Actions need to speak louder than words when it comes to tackling working conditions in the Bangladesh garment industry. And in the wake of the collapse last week of the Rana Plaza building near Dhaka, Mike Flanagan has what he describes as "a modest proposal" for identifying and delisting all unsound factories. 

Amid the millions (going on billions) of words so far written about the Rana Plaza catastrophe, no-one has pointed out how easily it could have been avoided or the toll of dead and injured much reduced.

It is simple to assume that avoiding tragedies in the Bangladesh garment industry requires some dramatic change - such as buyers having to pay more, Bangladesh's government having to become honest and effective, activists having to see reason, or buyers having to source from somewhere else.

But while dramatic changes are needed to make working conditions in the Bangladesh industry adequate, businesses and workers in the country are already doing much to make the industry safe.

A tiny tweak would make a big difference, but requires two things that seem extraordinarily hard to find: common sense and goodwill.

Let's recap on the basics.

Sohel Rana, a neighbourhood thug and political fixer, first opened the four-storey Rana Plaza building, with inadequate foundations, on swampland in 2006. Though some interpret the law differently, it's widely agreed he built it without formal permission. Extensions he added (and paid for) in 2008 and again in 2012 were also in breach of the law.

By 23 April 2013, enough Western buyers ignored Rana Plaza's illegality for about 3,000 people to be employed making garments there. That day cracks appeared - so severe they featured on TV - and local police instructed the building be closed.

On 24 April, Rana appeared, accompanied by the senior government official for the area (the "Thana Nirbahi officer"), who was heard to say: "There's nothing dangerous and factories can be kept open".

Somehow, workers were cajoled to restart production.

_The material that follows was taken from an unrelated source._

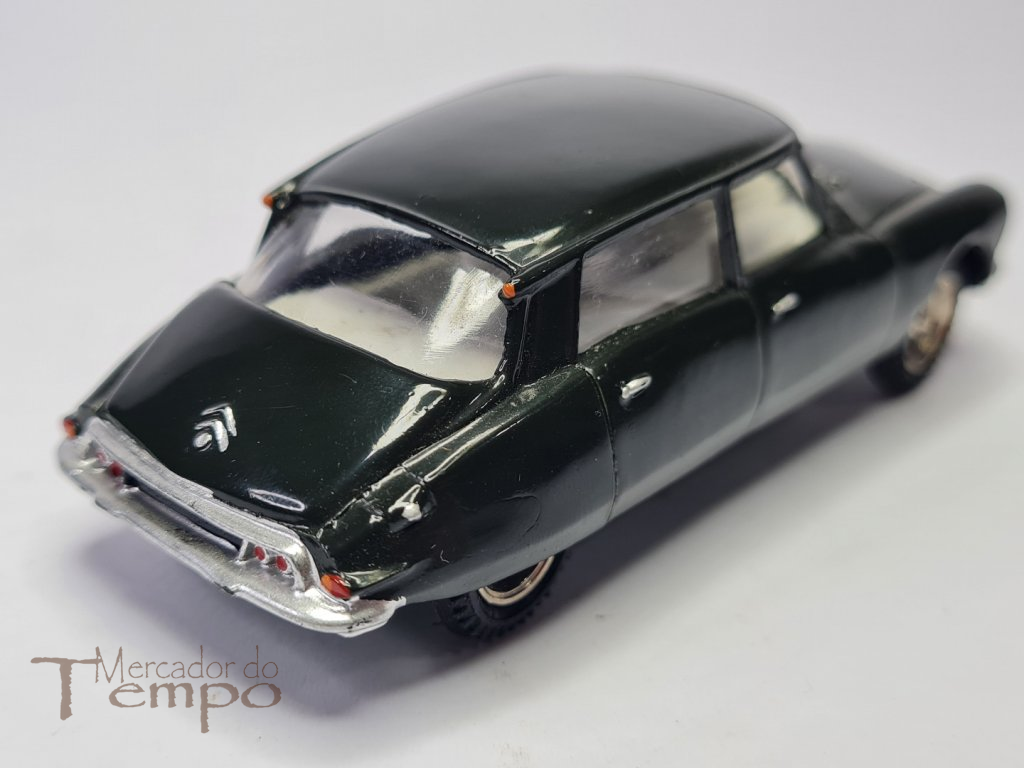 Miniatura 1/43 Metosul Citroen DS 19, verde escuro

Almost immediately, the building collapsed, trapping most of the 3,000. Though over 2,000 have been recovered alive (half of them injured), over 400 bodies have been found and several hundred still appear missing.

I believe four fundamental observations then scream out:

Observation 1. The immense death toll would have been a lot less, even zero, if just one of nine things hadn't happened. Though many people share some responsibility for this tragedy, any single one of them could have stopped or limited it.

The only reason people were killed is because all of the following things happened:

  1. An illegal and unsafe building was allowed to open and stay open;
  2. Customers agreed to use the factories in it;
  3. The factory operators ignored the 23 April warnings;
  4. Buyers' representatives in Bangladesh ignored the 23 April warnings
  5. Local "workers rights campaigners" did nothing about the 23 April warnings
  6. Workers, at a time when Bangladeshi owners were publicly complaining about labour shortages and after two highly publicised Bangladeshi building catastrophes in the previous five months, were persuaded to re-start production;
  7. Local government provided spurious support for the safety assurances.

If just one of them hadn't happened, all 400 would certainly still be alive. And most would be alive if it weren't for these two factors:

  1. Not one single buyer representative in Bangladesh ordered production to be suspended;
  2. The Home Minister (the man who blamed the November Tazreen Fashion fire on arsonists and on 25 April blamed opposition demonstrators for bringing the Rana Plaza building down) declined offers of rescue assistance from the UN and major governments.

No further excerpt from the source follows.